Is forgetting the past particularly an American thing?

I often rail about the lack of interest in history, which seems one of the defining characteristics of most modern humans.

But is it just modern humans in general, or particularly an American thing? I suspect it’s both.

I started thinking about this this morning because I recently returned to reading a book I started to read last year, but didn’t finish. I’m now getting close to finishing How to Read the Bible: A Guide to Scripture, Then and Now, by James Kugel.

Anyway, toward the end Kugel’s writing about some puzzling things about the book of Isaiah, and wondering why it was written/edited that way, and then jumps back to raise the same points with regard to the Pentateuch. That takes him to talking about how so much of the Torah started as short, etiological (his favorite word) stories told orally from generation to generation, long before they were put together in early Hebrew.

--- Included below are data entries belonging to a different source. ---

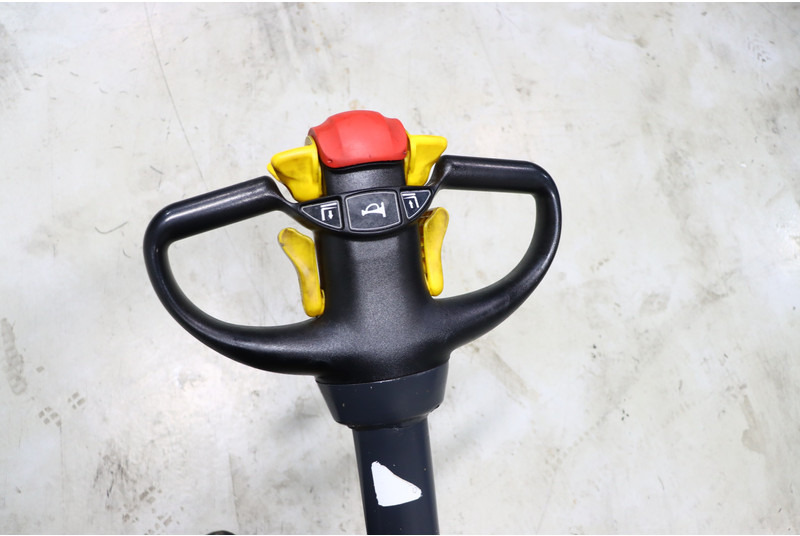 Komatsu CNI 14 - Apilador: foto 2 Komatsu CNI 14 - Apilador: foto 2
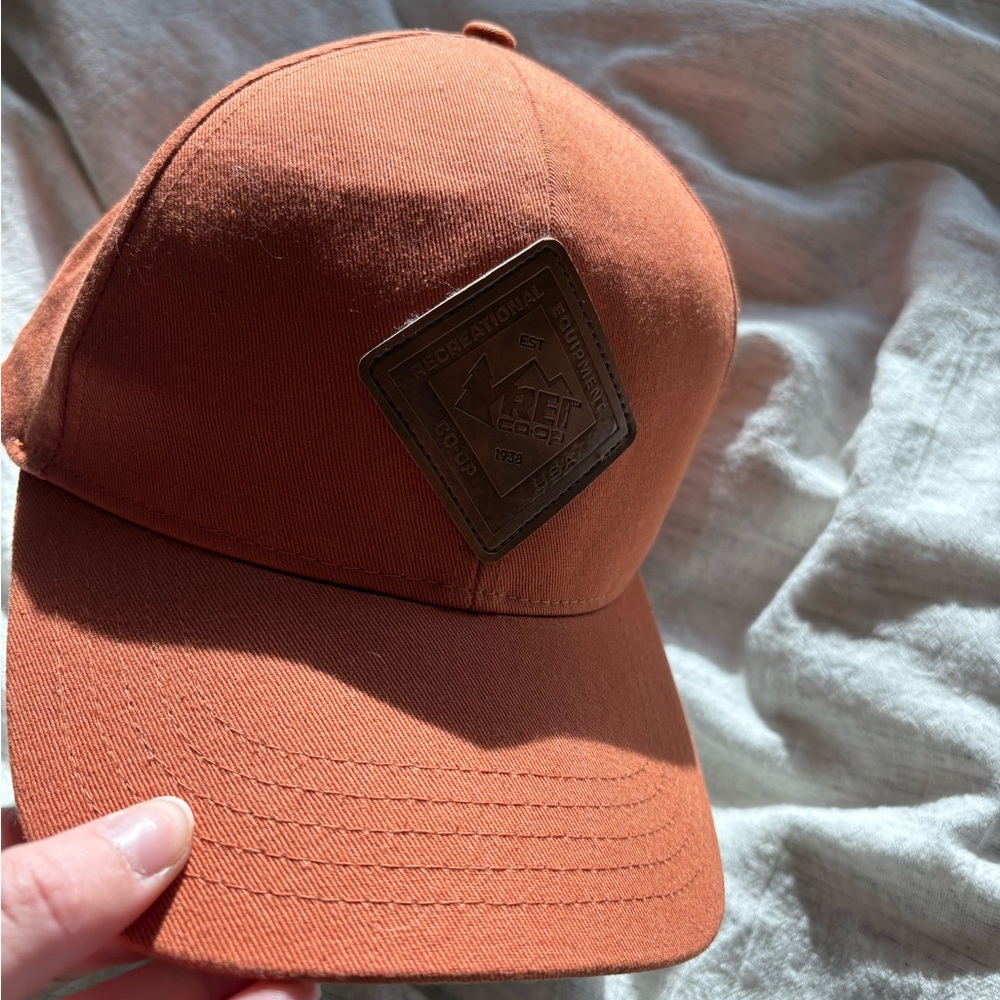 REI SnapBack - Picture 2 of 8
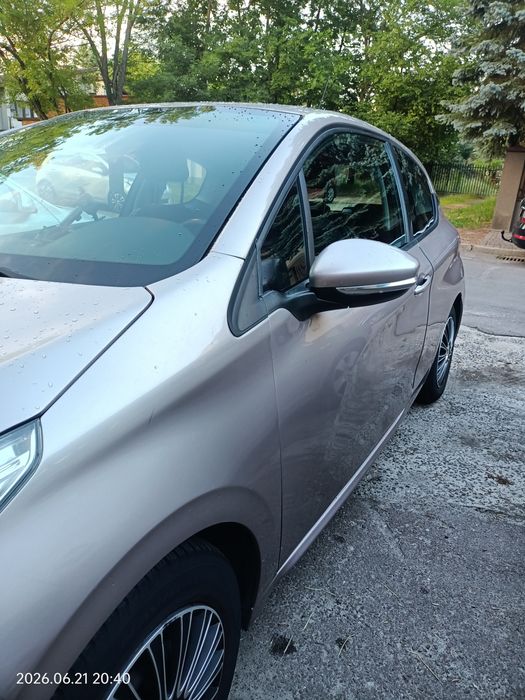 Peugeot 208 2012 rok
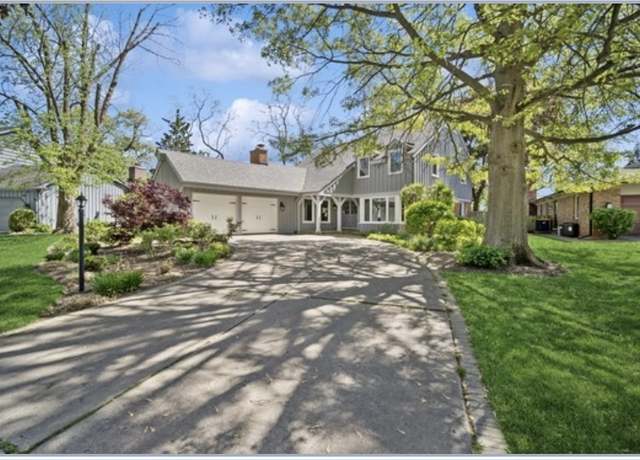 Property at 3931 Brittany Rd, Northbrook, IL 60062, 4 beds, 2.5 baths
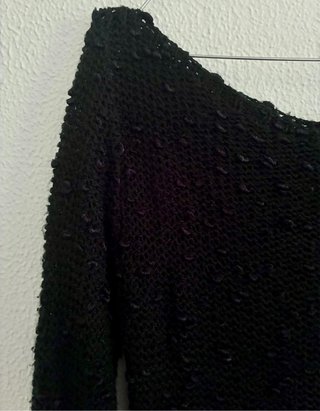Jersey negro escotado manga larga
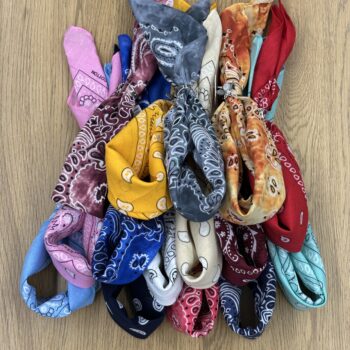 Bandana con accessorio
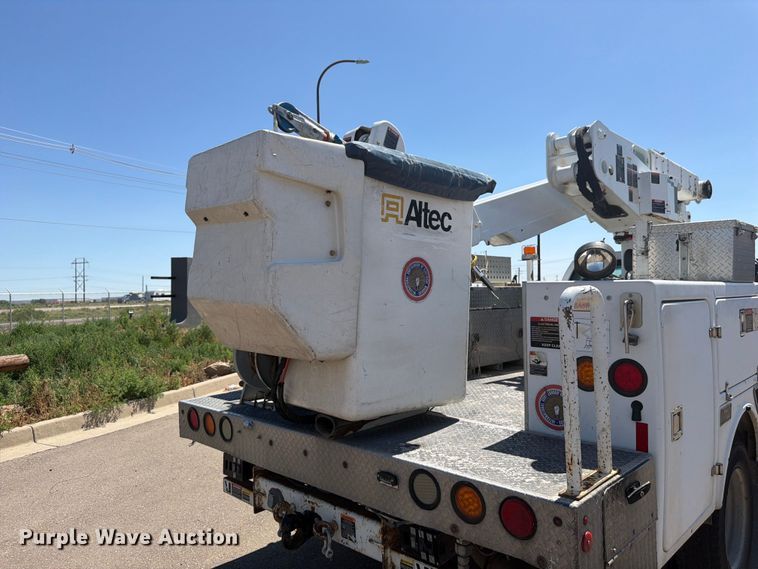 image for item FM7595 2009 Ford F550 Super Duty XL bucket truck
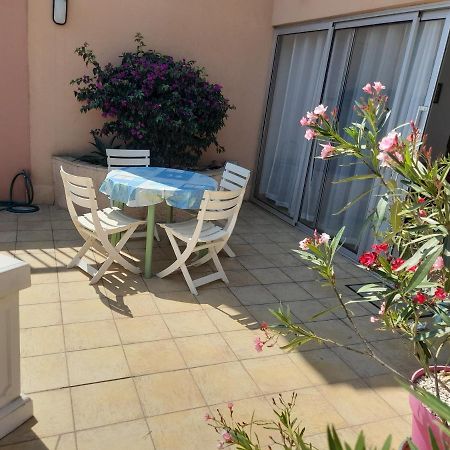 Logement Calme Proche Mer, 4 Personnes, St Aygulf Frejus Exterior photo
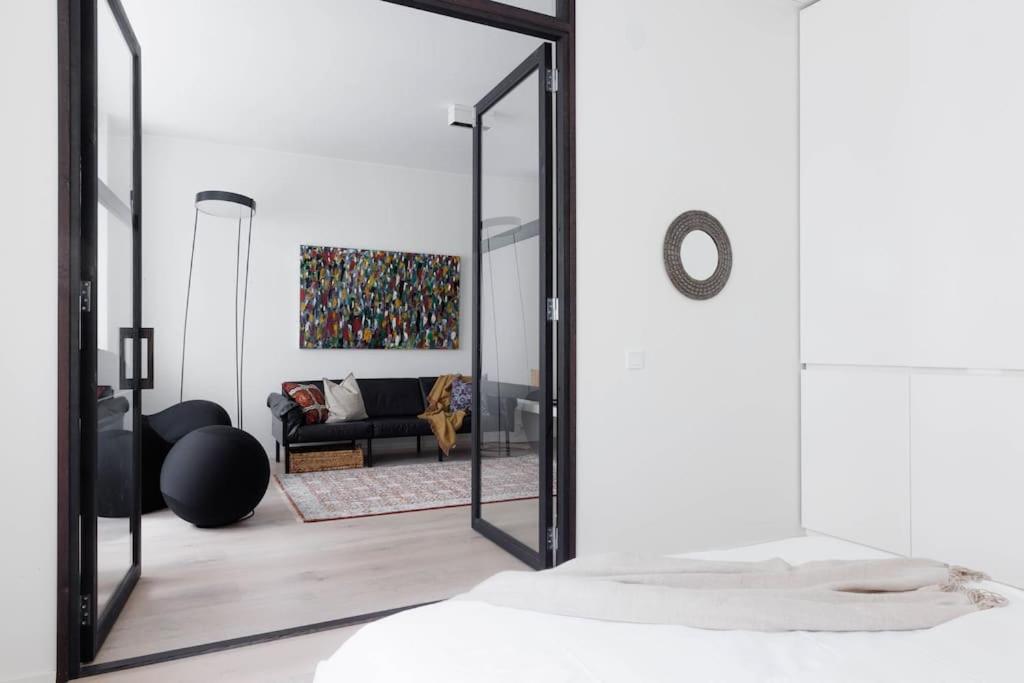 Spacious 2BR apartment on Bulevardi view 3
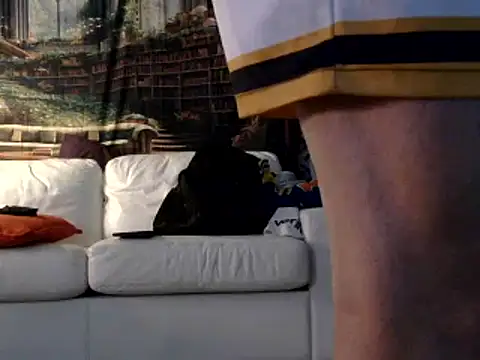 Snapshot of OSIRlS chatting on 02-01-25, 04:00 OSIRlS online show from 02-01-25, 04:00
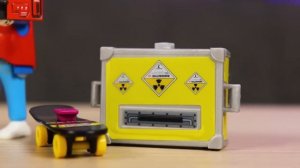 ОНА ЛЕТАЕТ!? Настоящий ДеЛореан из фильма НАЗАД В БУДУЩЕЕ! // Playmobil Back To The Future DeLorean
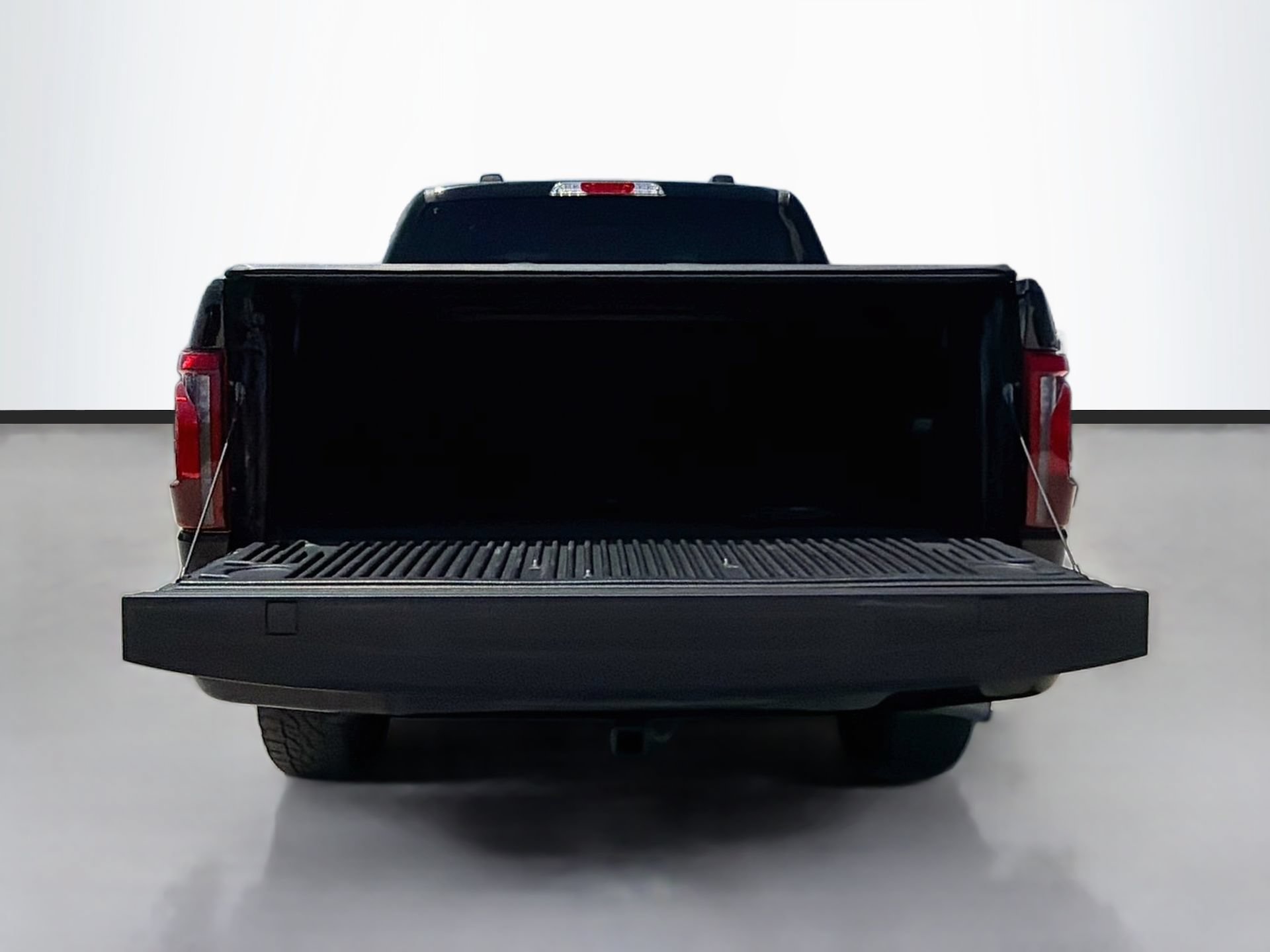 Certified 2024 Ford F150 XLT w/ Equipment Group 302A MID AWD/4WD image 26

And I paused to imagine American families doing that. I couldn’t.

Oh, there are exceptions. Alex Haley said Roots came from stories his family told about Kunta Kinte and subsequent generations. But it’s generally hard to find examples among descendants of people who came here willingly, on purpose.

I think there’s something in the makeup of a person who decides to take a hazardous journey across the ocean in a frail wooden ship, leaving all he or his ancestors ever knew, that causes him to want to forget all that went before. I don’t get it, but I know that’s a thing.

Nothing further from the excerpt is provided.